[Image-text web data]
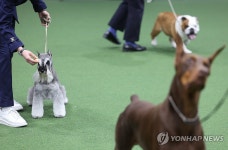서울 FCI 국제 도그쇼
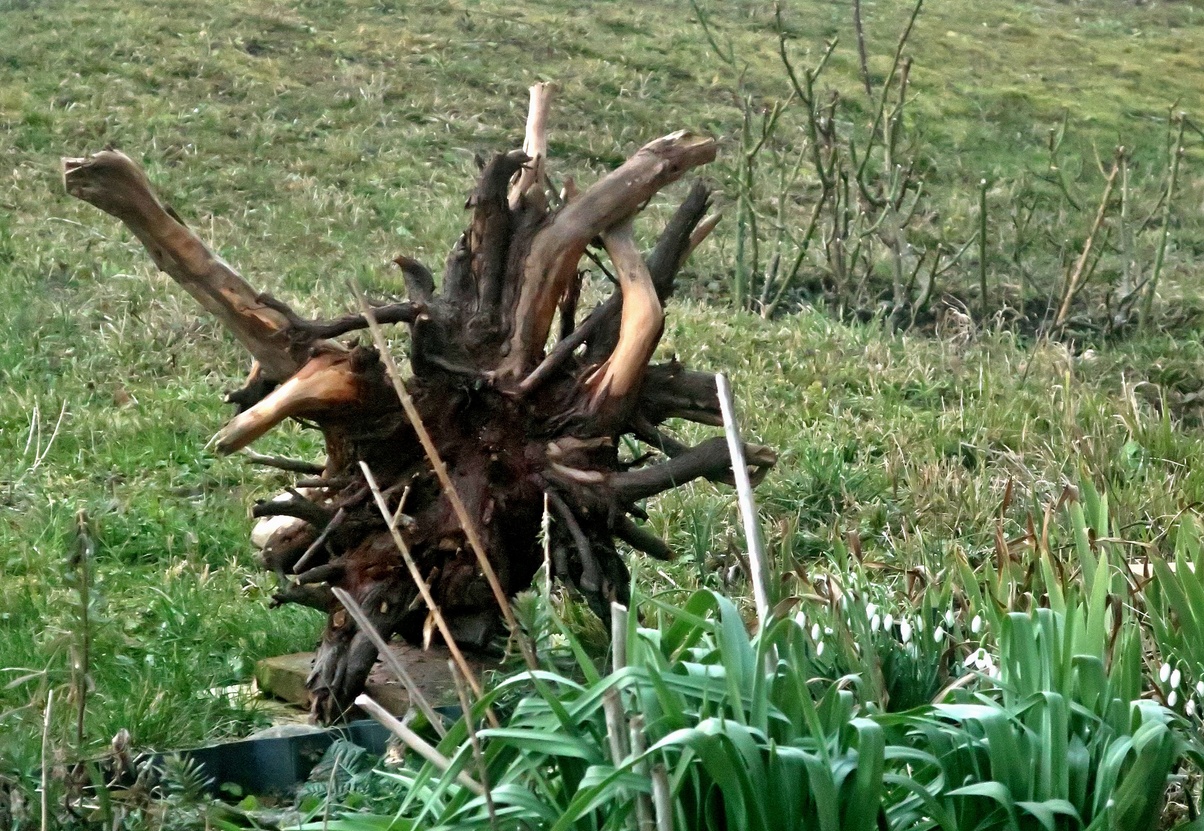 18. Februar 2020 - Natur, die Bildhauerin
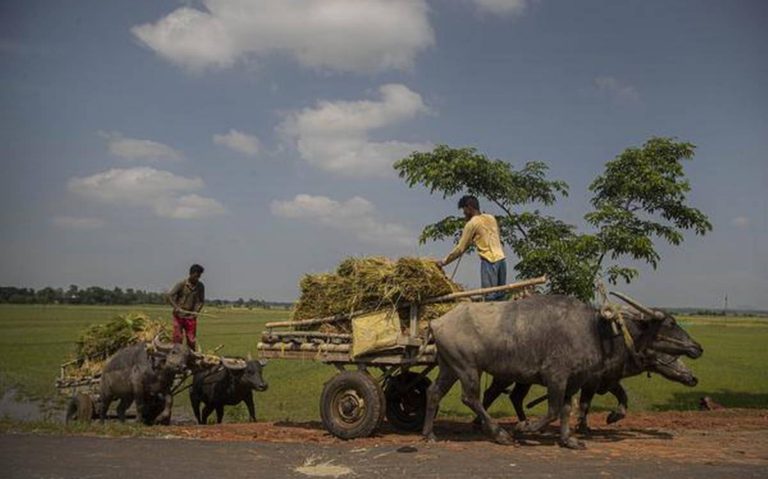 The Union Budget Is Marked by an Overall Compression of Expenditures for Agriculture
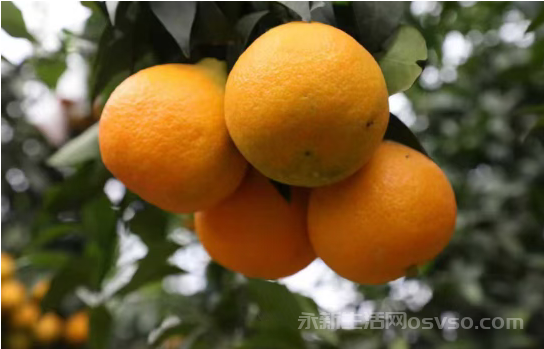 永新县莲洲乡:“红美人”柑橘迎丰收 硕果盈枝开启甜蜜篇章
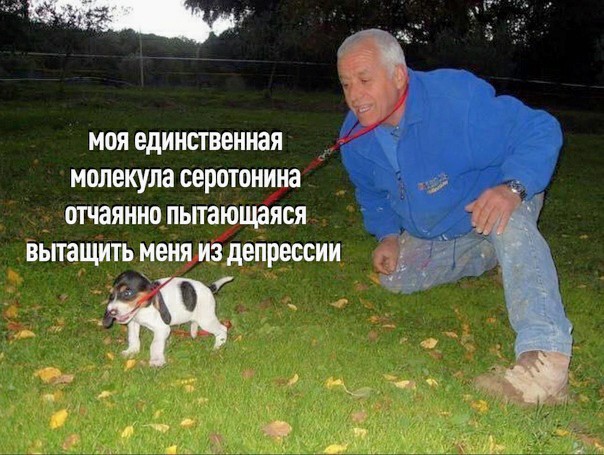 Картинки и мемы для настроения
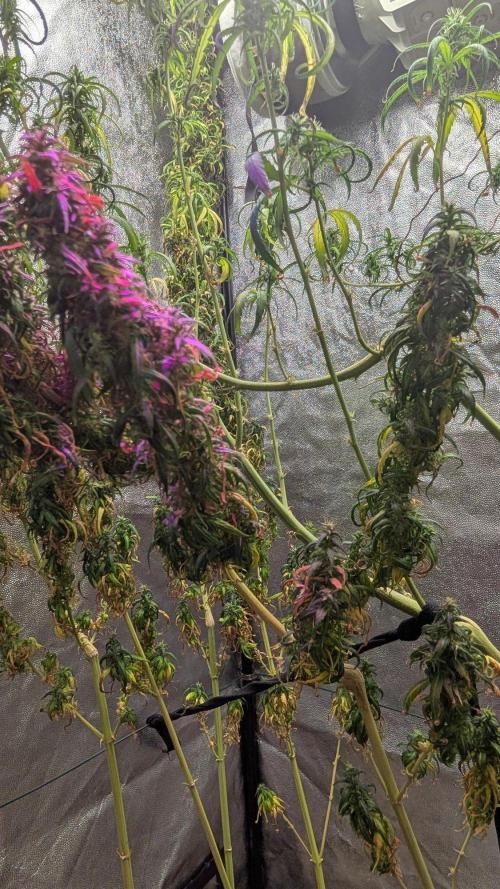 Mekhong + Lebanese (experimental grow). Week 26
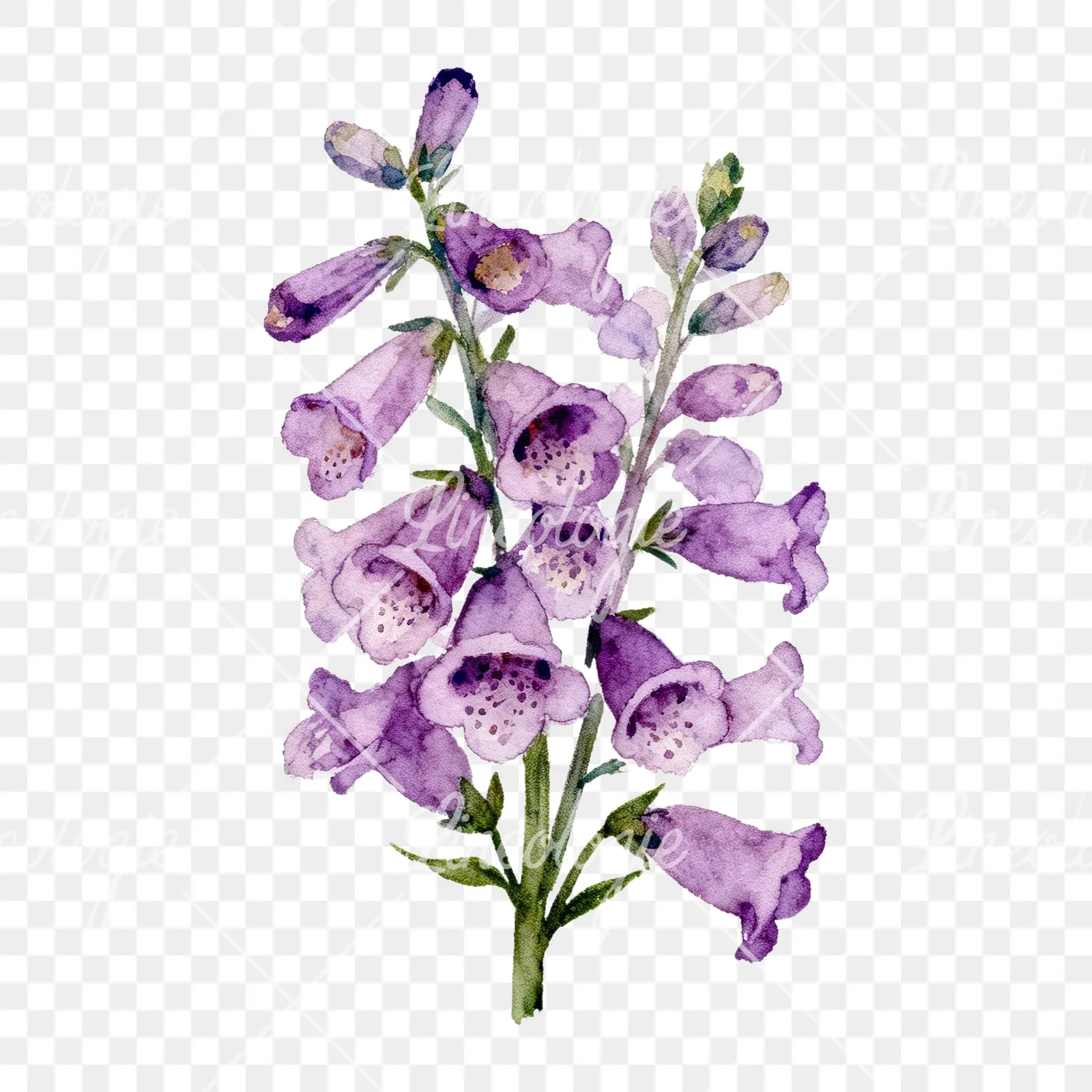 Watercolor pink purple foxglove bouquet clipart 5 of 9 on a transparent background (PNG)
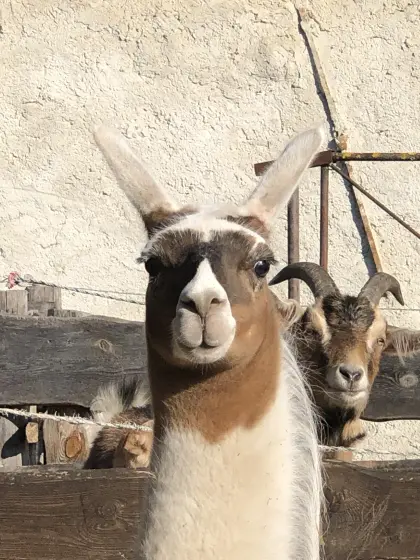 Lama-Hengste zu verkaufen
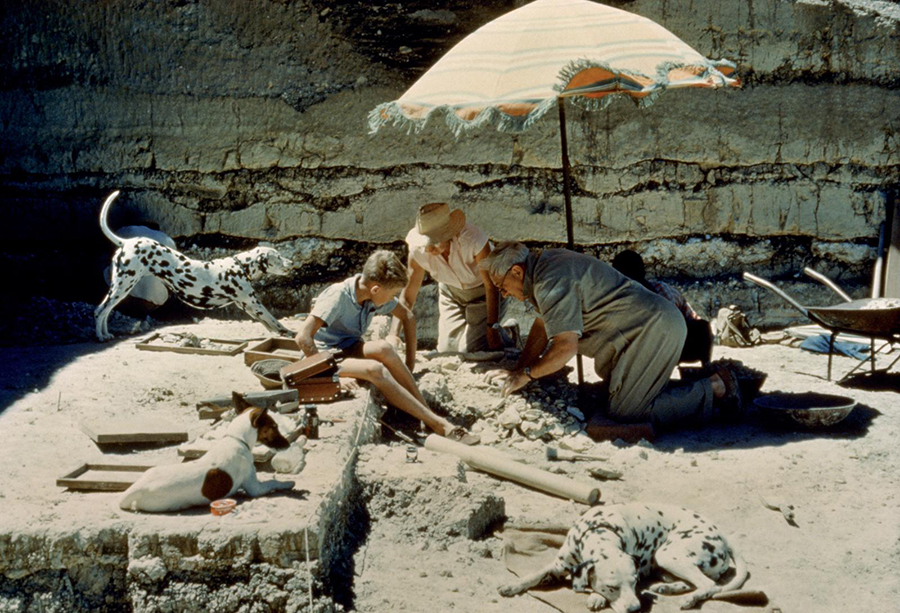 Louis and Mary Leakey with their son and two dogs inspect the campsite of an - photo 13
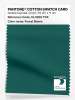 Artikelbild 1 des Artikels “PANTONE® COTTON SWATCH CARD 19-5230 TCX Forest Biome “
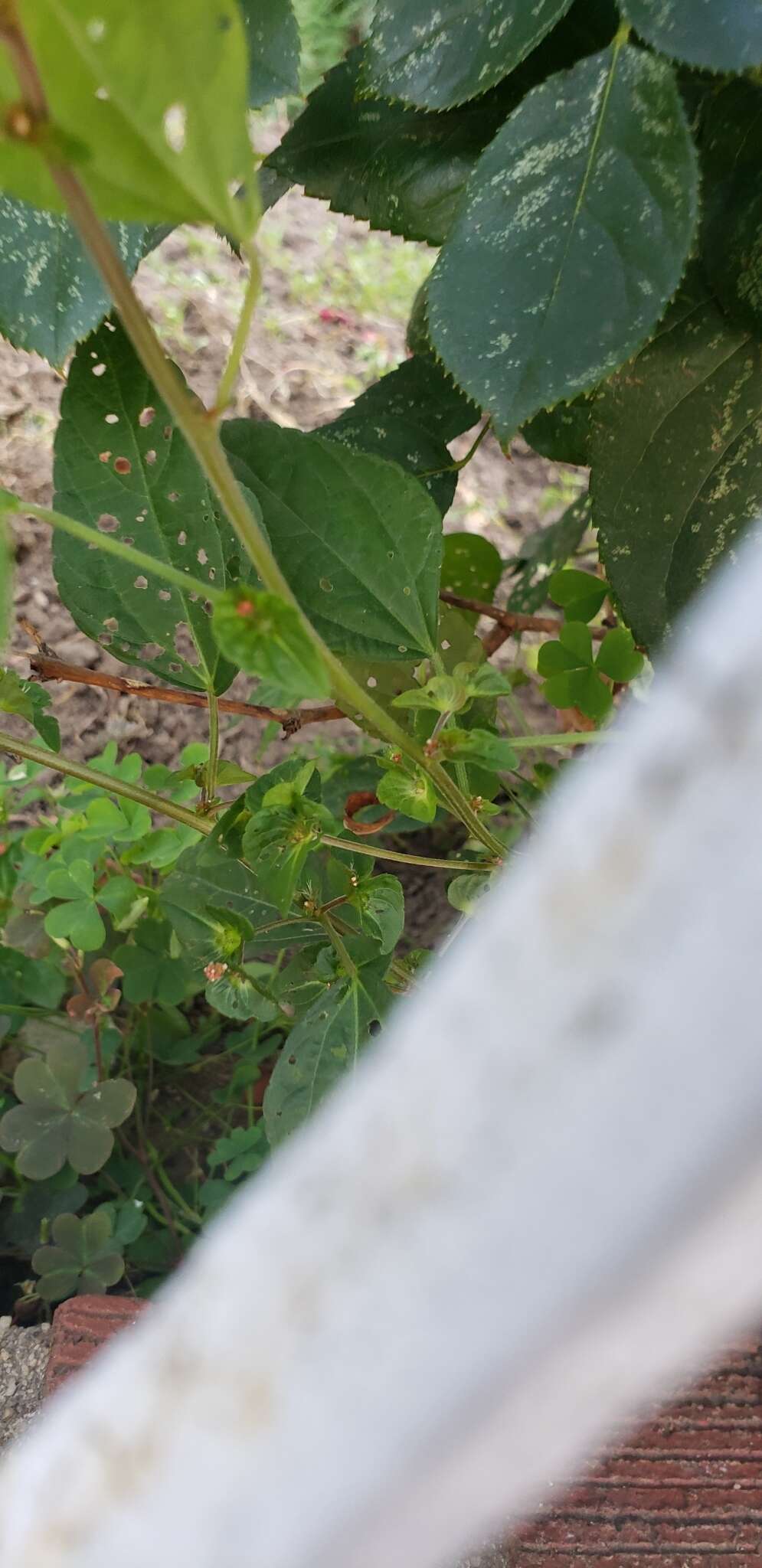 Image of Asian copperleaf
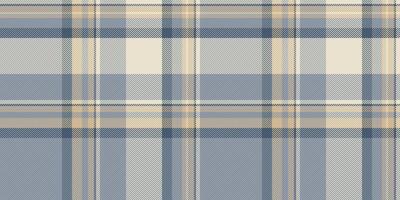 Subtle blue and beige plaid pattern. Perfect for textile design, website backgrounds, or crafting projects. Evokes feelings of warmth, comfort, and understated elegance. vector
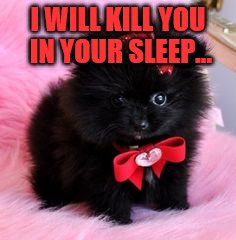 I WILL KILL YOU IN YOUR SLEEP... | image tagged in funny,cute | made w/ Imgflip meme maker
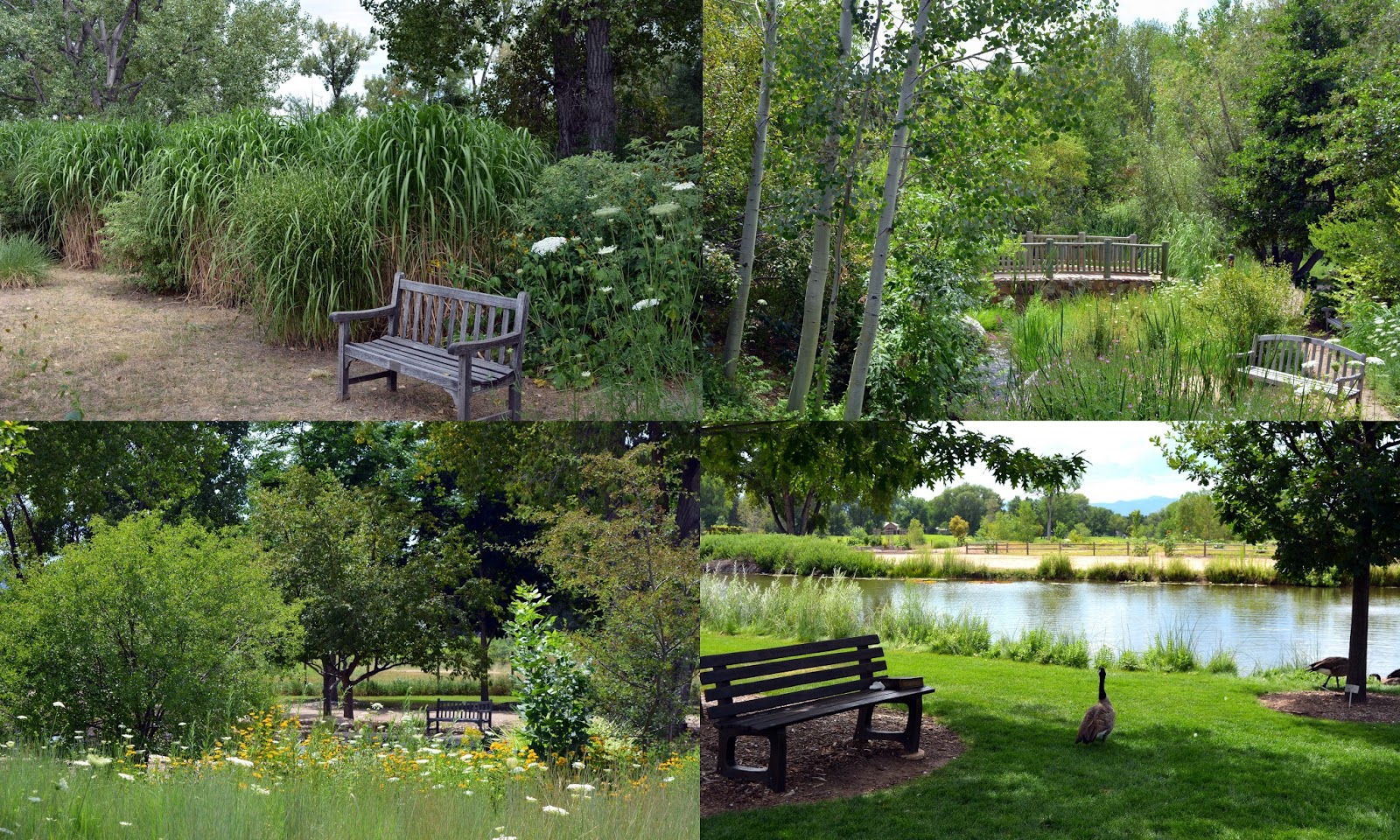 Mille Fiori Favoriti Hudson Gardens and Event Center in Littleton, CO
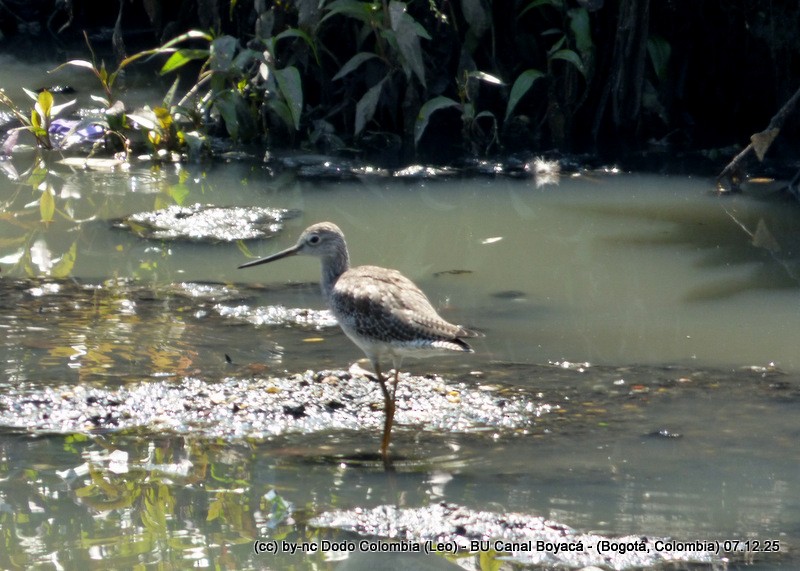 vodouš velký - ML646582128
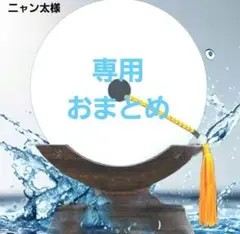 ニャン太様 リクエスト 2点 まとめ商品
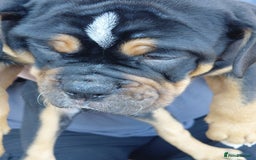 Old Tyme Bulldog dogs for sale: Old tyme bulldogs puppies ready for new homes - Image 5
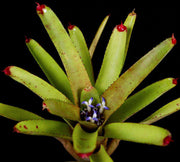 Neoregelia binotii - Tropiflora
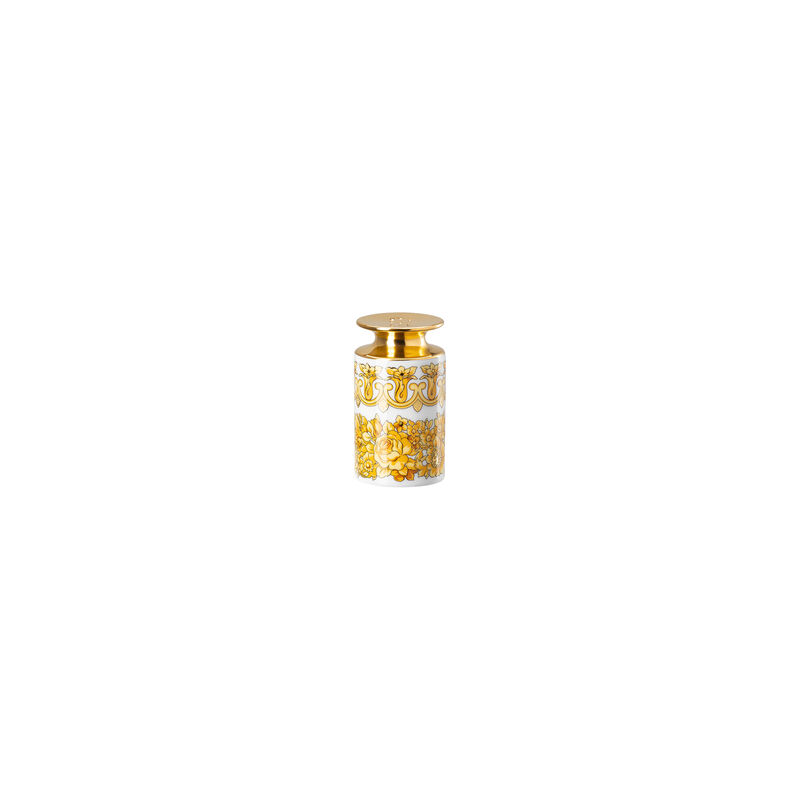 Salt shaker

## REQUIRED ACTION
Print the data above exactly, from its first line to the line bearing "Artikelbild 1 des" inclusive, and keep pictures out of the result.

## FINISHED EXERCISE
서울 FCI 국제 도그쇼
 18. Februar 2020 - Natur, die Bildhauerin
 The Union Budget Is Marked by an Overall Compression of Expenditures for Agriculture
 永新县莲洲乡:“红美人”柑橘迎丰收 硕果盈枝开启甜蜜篇章
 Картинки и мемы для настроения
 Mekhong + Lebanese (experimental grow). Week 26
 Watercolor pink purple foxglove bouquet clipart 5 of 9 on a transparent background (PNG)
 Lama-Hengste zu verkaufen
 Louis and Mary Leakey with their son and two dogs inspect the campsite of an - photo 13
 Artikelbild 1 des Artikels “PANTONE® COTTON SWATCH CARD 19-5230 TCX Forest Biome “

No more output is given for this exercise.